§ WHAT IS BEING ASKED: Can you print the data exactly and leave out each image?

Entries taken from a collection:
※
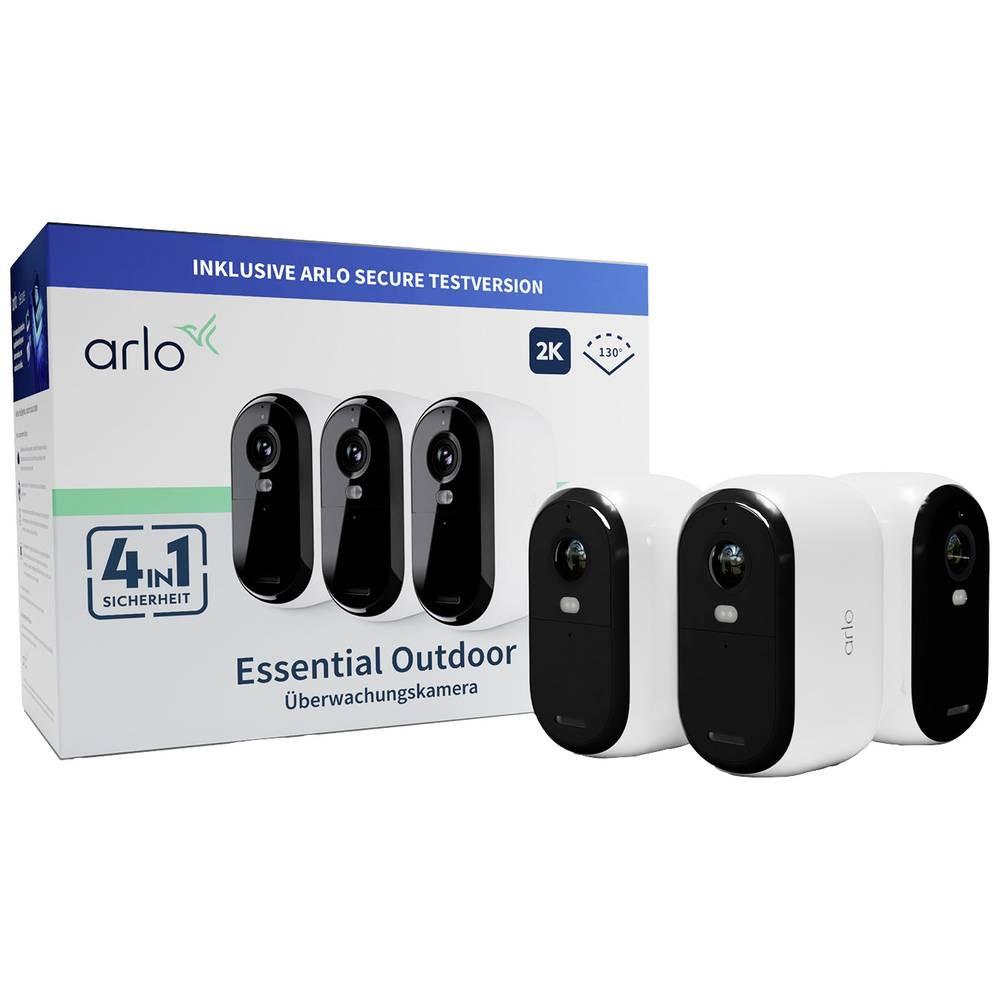 Arlo  Set pour caméra de surveillance 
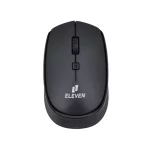 ماوس بی سیم Eleven مدل WM916 - مشکی (گارانتی یکساله شرکتی)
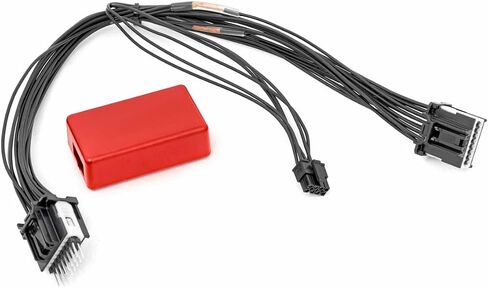 Rough Country Speedometer Calibrator Inline for 2014-2021 Toyota Tundra - 90017 in Saudi Arabia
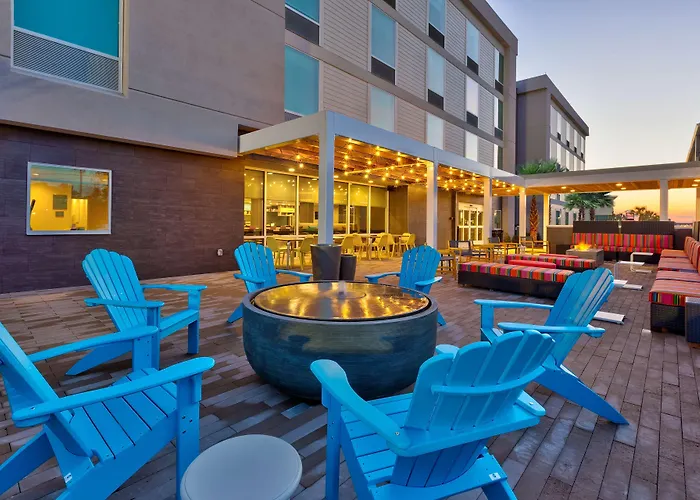 Home2 Suites Wilmington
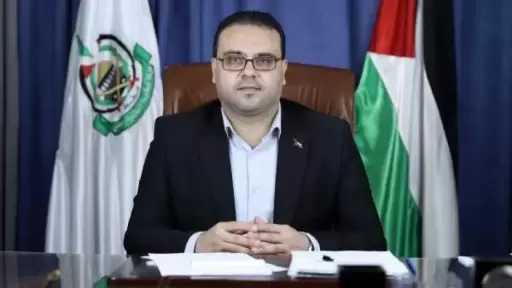 حماس تدعو إلى تجديد شرعية النظام السياسي الفلسطيني وإجراء انتخابات رئاسية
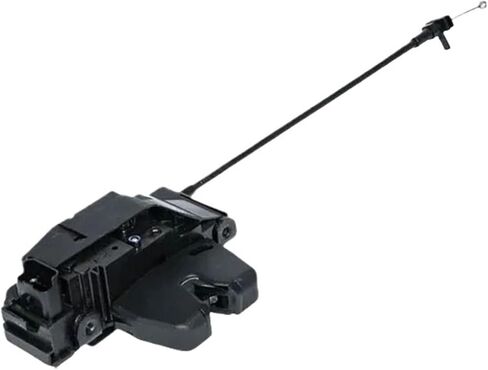 8719H4 9687148480 Car Trunk Lock Luggage Compartment Lock Block in Saudi Arabia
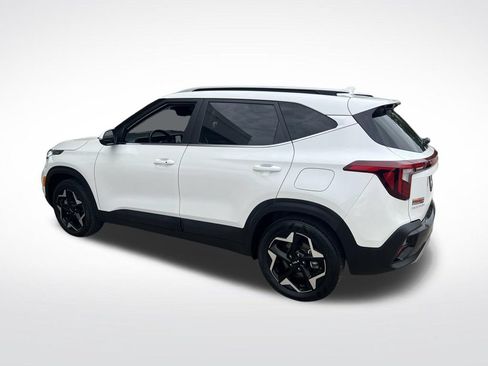 Certified 2024 Kia Seltos EX AWD/4WD image 53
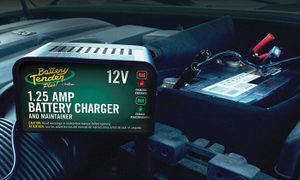 mejores cargadores baterias amazon battery tender plus 1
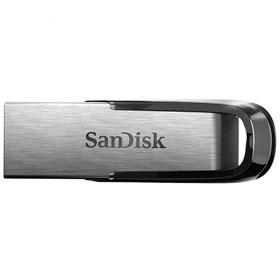 SanDisk Ultra Flair CZ73 Flash Memory - 64GB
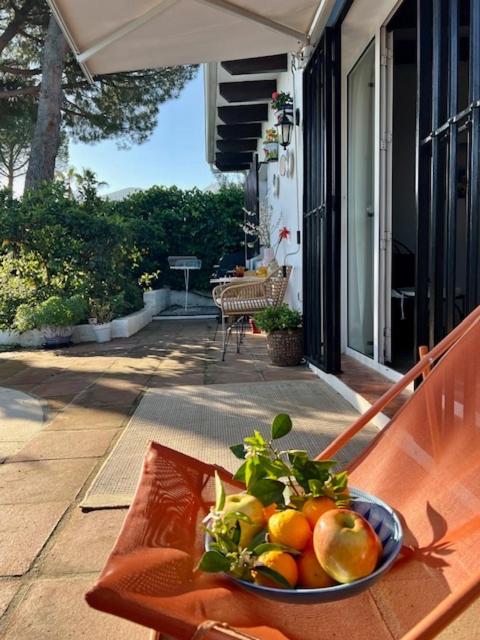Casa Pipa Alhaurin El Grande - Vrijstaande Casita Met Prive Zwembad En Grote Tuin Malaga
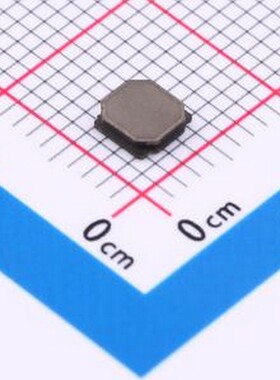 FHD4012S-4R7MT 功率电感 4.7uH ±20% 2.6A SMD,4x4mm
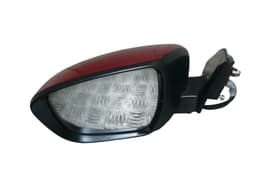NISSAN 963024EA8E Mirror left NISSAN QASHQAI II (J11) (2013-2021) — thumbnail 4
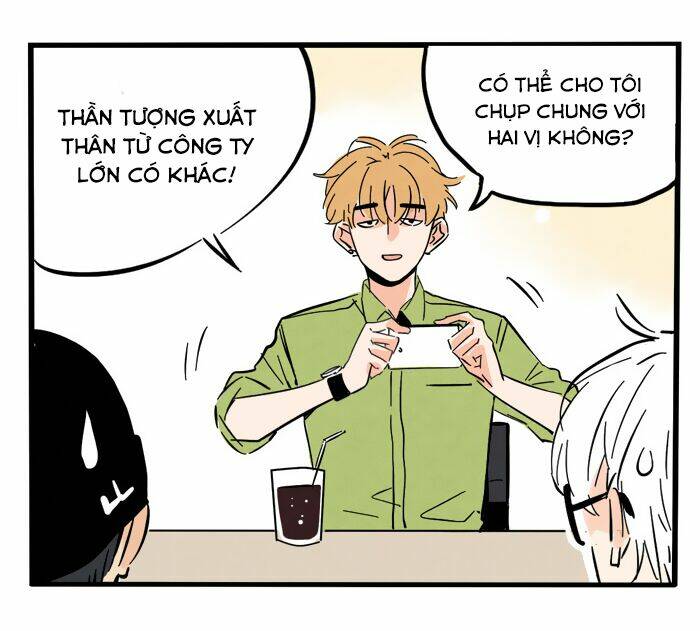 trang nhất toàn là hắn chapter 112 2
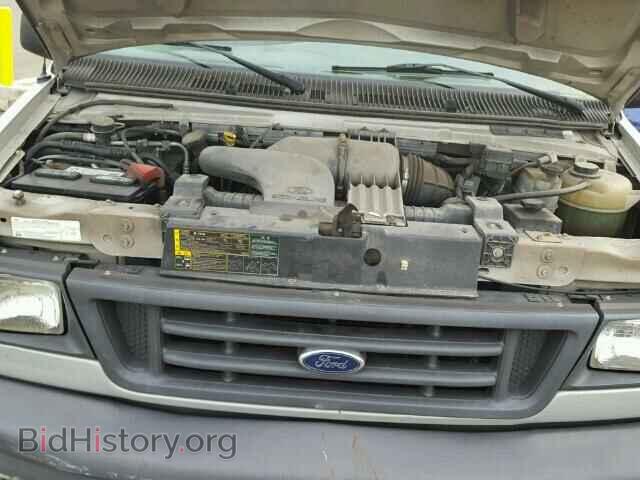 2006 FORD ECONOLINE - VIN: 1FTNE24W06DA86221 - Фото 7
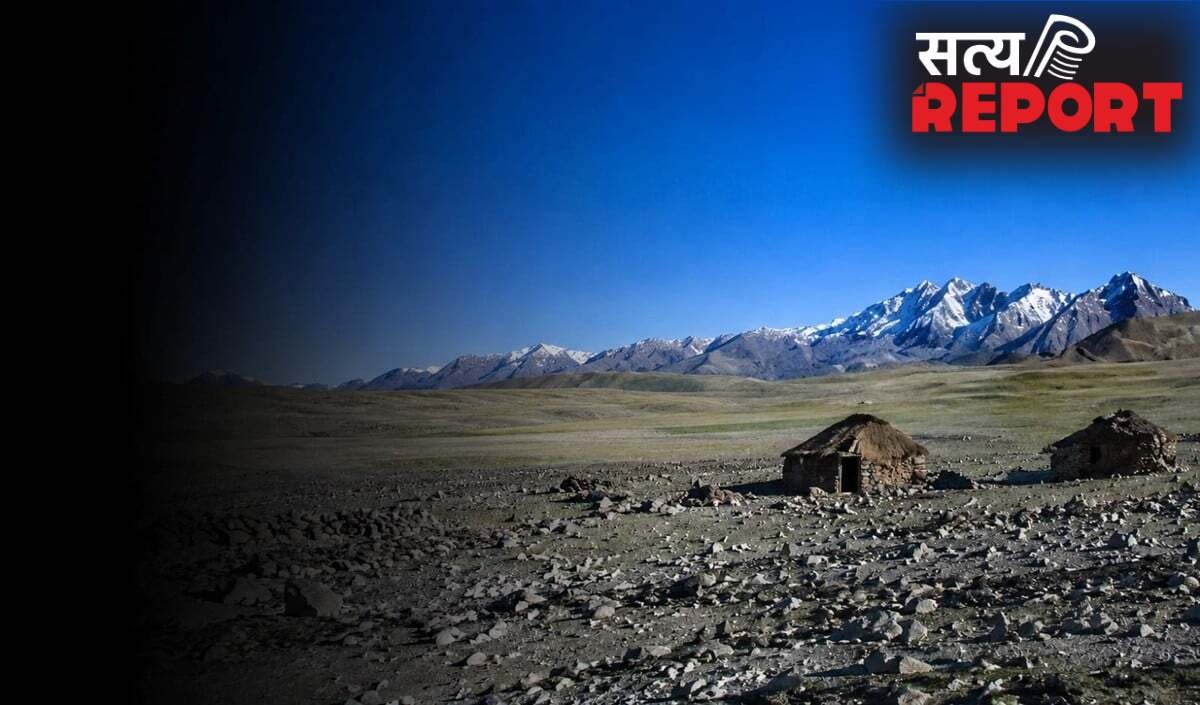PoK में यहां घुसा भारत तो होगा असली धमाका, बदल जाएगा नक्शा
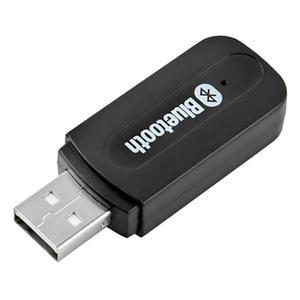 블루투스 수신기 핸즈프리 무선 오디오 동글이 리시버 페어링 USB AUX 3.5잭 스피커 차량용 자동차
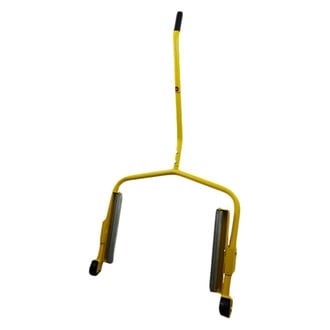 ESCO® - 450 lb Manual Wheel Dolly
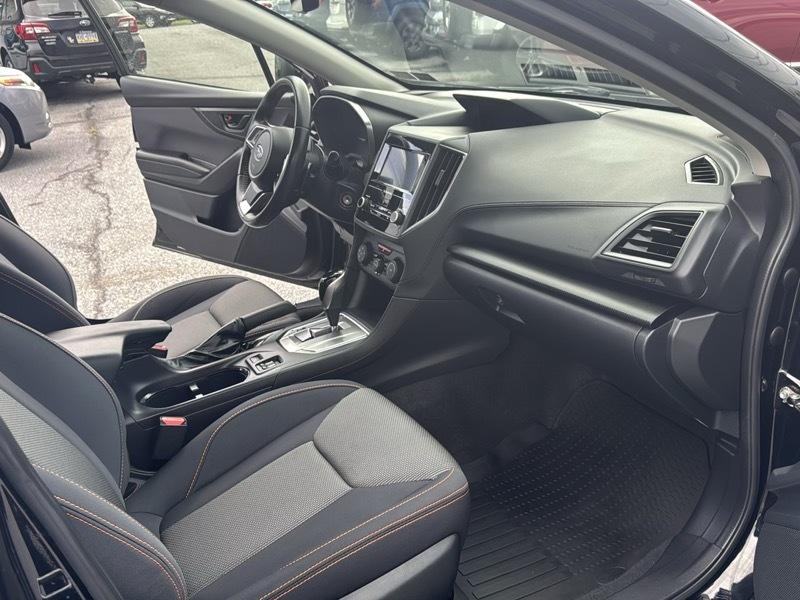 Subaru Crosstrek Premium 2018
※
§ FINAL ANSWER:
 Arlo  Set pour caméra de surveillance 
 ماوس بی سیم Eleven مدل WM916 - مشکی (گارانتی یکساله شرکتی)
 Rough Country Speedometer Calibrator Inline for 2014-2021 Toyota Tundra - 90017 in Saudi Arabia
 Home2 Suites Wilmington
 حماس تدعو إلى تجديد شرعية النظام السياسي الفلسطيني وإجراء انتخابات رئاسية
 8719H4 9687148480 Car Trunk Lock Luggage Compartment Lock Block in Saudi Arabia
 Certified 2024 Kia Seltos EX AWD/4WD image 53
 mejores cargadores baterias amazon battery tender plus 1
 SanDisk Ultra Flair CZ73 Flash Memory - 64GB
Casa Pipa Alhaurin El Grande - Vrijstaande Casita Met Prive Zwembad En Grote Tuin Malaga
 FHD4012S-4R7MT 功率电感 4.7uH ±20% 2.6A SMD,4x4mm
NISSAN 963024EA8E Mirror left NISSAN QASHQAI II (J11) (2013-2021) — thumbnail 4
 trang nhất toàn là hắn chapter 112 2
 2006 FORD ECONOLINE - VIN: 1FTNE24W06DA86221 - Фото 7
PoK में यहां घुसा भारत तो होगा असली धमाका, बदल जाएगा नक्शा
 블루투스 수신기 핸즈프리 무선 오디오 동글이 리시버 페어링 USB AUX 3.5잭 스피커 차량용 자동차
 ESCO® - 450 lb Manual Wheel Dolly
 Subaru Crosstrek Premium 2018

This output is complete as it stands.